• _Problem to work on_
Where the records below reach the line containing "Gargantilha com Pingente", start transcribing, and end with the line containing "20Pcs 20in1 Cartoon", exactly and with nothing else added.

• _Available data_
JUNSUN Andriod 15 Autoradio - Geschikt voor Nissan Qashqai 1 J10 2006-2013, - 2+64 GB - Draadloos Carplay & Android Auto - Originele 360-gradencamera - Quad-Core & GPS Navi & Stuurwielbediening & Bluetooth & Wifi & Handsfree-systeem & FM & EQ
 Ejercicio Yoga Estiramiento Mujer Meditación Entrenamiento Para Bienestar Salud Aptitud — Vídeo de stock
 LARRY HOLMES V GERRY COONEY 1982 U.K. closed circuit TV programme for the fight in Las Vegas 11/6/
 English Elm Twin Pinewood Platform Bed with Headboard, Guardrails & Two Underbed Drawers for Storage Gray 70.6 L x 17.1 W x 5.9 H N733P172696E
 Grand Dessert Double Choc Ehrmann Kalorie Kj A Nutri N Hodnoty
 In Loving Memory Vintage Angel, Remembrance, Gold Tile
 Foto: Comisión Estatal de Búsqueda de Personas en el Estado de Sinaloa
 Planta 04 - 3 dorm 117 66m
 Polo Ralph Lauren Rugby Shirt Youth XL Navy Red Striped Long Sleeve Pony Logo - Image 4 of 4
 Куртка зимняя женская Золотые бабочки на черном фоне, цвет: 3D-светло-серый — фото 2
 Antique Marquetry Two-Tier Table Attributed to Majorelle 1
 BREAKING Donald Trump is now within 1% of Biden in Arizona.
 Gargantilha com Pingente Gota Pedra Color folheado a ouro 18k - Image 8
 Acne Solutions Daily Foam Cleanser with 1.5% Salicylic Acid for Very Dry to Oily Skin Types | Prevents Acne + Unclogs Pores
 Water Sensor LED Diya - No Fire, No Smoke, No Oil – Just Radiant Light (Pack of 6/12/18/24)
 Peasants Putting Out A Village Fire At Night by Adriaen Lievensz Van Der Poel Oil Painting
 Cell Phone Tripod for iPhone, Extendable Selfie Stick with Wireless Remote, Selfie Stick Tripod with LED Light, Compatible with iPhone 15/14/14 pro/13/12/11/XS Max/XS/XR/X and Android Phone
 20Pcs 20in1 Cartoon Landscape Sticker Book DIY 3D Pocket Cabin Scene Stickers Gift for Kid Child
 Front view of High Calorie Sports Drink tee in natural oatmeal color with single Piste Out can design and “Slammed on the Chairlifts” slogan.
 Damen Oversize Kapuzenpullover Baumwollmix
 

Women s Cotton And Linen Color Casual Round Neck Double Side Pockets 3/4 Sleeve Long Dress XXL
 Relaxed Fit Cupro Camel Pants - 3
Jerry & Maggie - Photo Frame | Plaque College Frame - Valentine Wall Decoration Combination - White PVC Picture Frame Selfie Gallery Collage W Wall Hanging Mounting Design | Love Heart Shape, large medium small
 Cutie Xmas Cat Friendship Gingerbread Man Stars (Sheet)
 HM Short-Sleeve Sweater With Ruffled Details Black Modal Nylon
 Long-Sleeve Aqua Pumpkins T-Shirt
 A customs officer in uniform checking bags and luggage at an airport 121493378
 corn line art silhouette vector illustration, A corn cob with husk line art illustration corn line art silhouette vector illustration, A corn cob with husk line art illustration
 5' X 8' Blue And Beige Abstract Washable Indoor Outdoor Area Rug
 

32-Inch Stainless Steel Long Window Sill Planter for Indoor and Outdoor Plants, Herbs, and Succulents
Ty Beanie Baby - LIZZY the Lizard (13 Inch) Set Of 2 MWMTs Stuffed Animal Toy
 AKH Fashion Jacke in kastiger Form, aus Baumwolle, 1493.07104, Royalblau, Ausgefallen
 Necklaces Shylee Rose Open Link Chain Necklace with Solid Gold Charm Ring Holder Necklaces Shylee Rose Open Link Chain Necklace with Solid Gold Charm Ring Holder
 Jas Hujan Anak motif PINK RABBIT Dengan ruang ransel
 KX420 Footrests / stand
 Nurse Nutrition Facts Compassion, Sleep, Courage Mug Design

• _Task solution_
 Gargantilha com Pingente Gota Pedra Color folheado a ouro 18k - Image 8
 Acne Solutions Daily Foam Cleanser with 1.5% Salicylic Acid for Very Dry to Oily Skin Types | Prevents Acne + Unclogs Pores
 Water Sensor LED Diya - No Fire, No Smoke, No Oil – Just Radiant Light (Pack of 6/12/18/24)
 Peasants Putting Out A Village Fire At Night by Adriaen Lievensz Van Der Poel Oil Painting
 Cell Phone Tripod for iPhone, Extendable Selfie Stick with Wireless Remote, Selfie Stick Tripod with LED Light, Compatible with iPhone 15/14/14 pro/13/12/11/XS Max/XS/XR/X and Android Phone
 20Pcs 20in1 Cartoon Landscape Sticker Book DIY 3D Pocket Cabin Scene Stickers Gift for Kid Child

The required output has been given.